The concert, which features performances from Stalin, Nadia Madhoo and Eddie Cumberbatch, will be held at Queen's Hall, Port-of-Spain, from 8 pm.
Orchestra leader Junia Regrello said he was thrilled to be hosting the concert against the backdrop of the band establishing its link with the college.
Regrello described the linkage as an important evolutionary step as Skiffle celebrates its 20th anniversary this year. He said the linkage is a milestone and a culmination of seven years of planning.
"It is a linkage with a university which as the academia aspect to it. Members of our band are high school students, young people involved in the band and it gives them an opportunity to improve their capacity," Regrello said.
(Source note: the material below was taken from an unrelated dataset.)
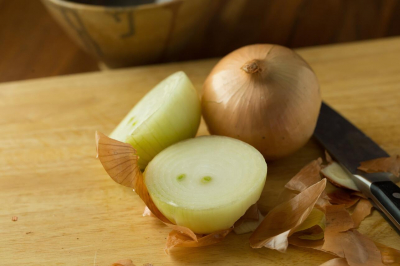 Неожиданное «чудесное» средство: пять неочевидных способов применения луковой шелухи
Skiffle USA will be an exchange programme between the college's students and members of the orchestra and each side will benefit from the cultural experiences to be gained, he said.
"We look at this as a very profound experience in terms of young people coming into the band," he said.
He added that monetary gain cannot be "the be all and end all."
"It has to be developmental and a pathway to growth and development," Regrello said.
Dr Jeffery Alan Jones, a music teacher at the college, is in Trinidad to formalise the arrangements. He is among the guest performers at the concert and will be conducting the orchestra for the classical piece, Puccini: Madama Butterfly the humming chorus.
Jones, who did his PhD dissertation on Skiffle, said he was pleased to be part of the linkage between Sweet Briar, which ranked among the top 20 US colleges, and Skiffle.
He said Skiffle has become part of his family and he was pleased to come to T&T, with assistance of the Virgina Foundation of Independent Colleges and the Mednick Memorial Fellowship, to cement a lasting linkage.
"I hope that it can be a kind of cultural exchange were we can both learn from each other and gain experience. We are very excited. My students are very excited. If things go well, we are hoping that the way technology works that we can Skype and video chat amongst the players and the groups," Jones said.
He said he was excited to have been given the opportunity to conduct the orchestra.
"The players are interested in a very broad spectrum of music because they play all kinds of music. They play Indian classical music, they play calypso, they play pop music, reggae, they play classical. When it is time to work on classical music they are very interested in making sure that they get as much of the experience that they can.
"As a teacher it is wonderful to work with such a dedicated and curious group of students. It is special for me," Jones said.
Tickets for the concert are available at Queen's Hall box office and at Skiffle's Coffee Street, Pan Theatre.